§ **Exercise**: From the line containing "Kép 4/5 - Bordó" through the end of the material below, output each line exactly as written, with pictures excluded.

--- Data ---

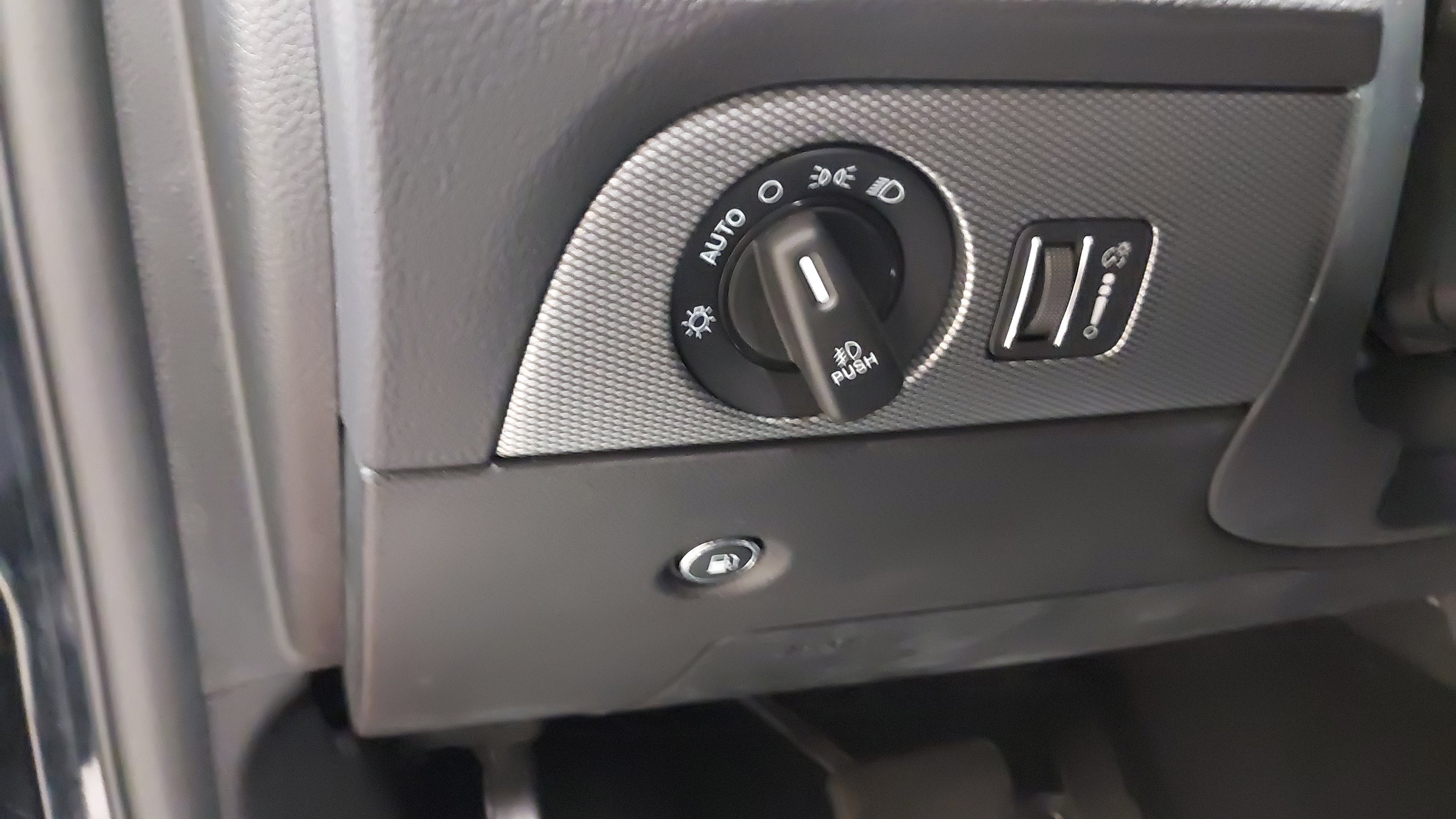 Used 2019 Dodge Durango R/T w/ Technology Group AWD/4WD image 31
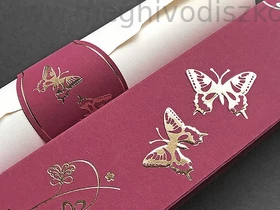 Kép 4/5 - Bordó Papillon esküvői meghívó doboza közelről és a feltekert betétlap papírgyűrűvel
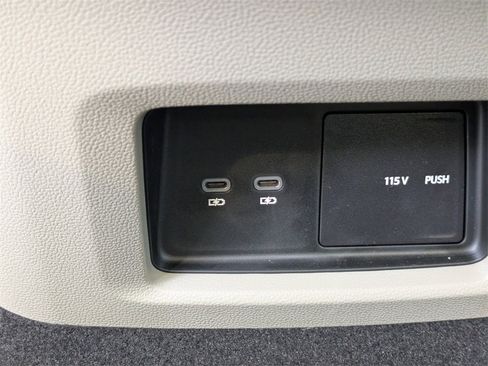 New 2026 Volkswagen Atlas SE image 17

---

§ **Exercise output**:
 Kép 4/5 - Bordó Papillon esküvői meghívó doboza közelről és a feltekert betétlap papírgyűrűvel
 New 2026 Volkswagen Atlas SE image 17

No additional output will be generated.